Gap Inc. is dividing itself into two separate, publicly traded companies — Old Navy, and an unnamed new company comprising the Gap brand, Athleta, Banana Republic, Intermix and Hill City.
Gap’s shares were up more than 20 percent on the news in after-hours trading Thursday.
“Old Navy’s business model and customers have increasingly diverged from our specialty brands over time, and each company now requires a different strategy to thrive moving forward,” Gap Chairman Robert Fisher said Thursday.
Old Navy has hit its stride with a broad base of consumers as a low-priced apparel destination, while Gap and Banana Republic haven’t fared as well.
“It makes sense to us that Old Navy spins off, with the edge in our view going to Old Navy, driven by Old Navy’s strong brand equity, newly increased focus, as well as increased management incentives,” said Wedbush analyst Jen Redding.
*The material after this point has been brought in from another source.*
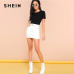 SHEIN Black Minimalist Solid Form Fitting Bodysuit Casual O-Neck Short Sleeve Skinny Bodysuit Women Summer Tshirt Bodysuits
He sees the split allowing Gap to focus on strengthening its core brand. “At the end of the day, Gap is still a struggling brand and needs to prove its relevancy to the consumer,” Redding said.
Art Peck, president and CEO of Gap, said the split will give each company “a sharpened strategic focus and tailored operating structure. As a result, both companies will be well positioned to capitalize on their respective opportunities and act decisively in an evolving retail environment.”
Sonia Syngal will retain her title as president and CEO of Old Navy, according to a statement from Gap.
Founded as The Gap in 1969, the retailer has specialized in denim, khakis, tees and button-downs for men, women and children.
Analysts said the move was a long time coming.
“The reality is that Old Navy’s strength has essentially been funding Gap and Banana Republic,” said Nomura analyst Simeon Avram Siegel. The move signals that execs are betting Gap would be healthier as a smaller company. “And if that’s the case,” said Siegel, “it makes sense to let Old Navy shine as a stand alone.”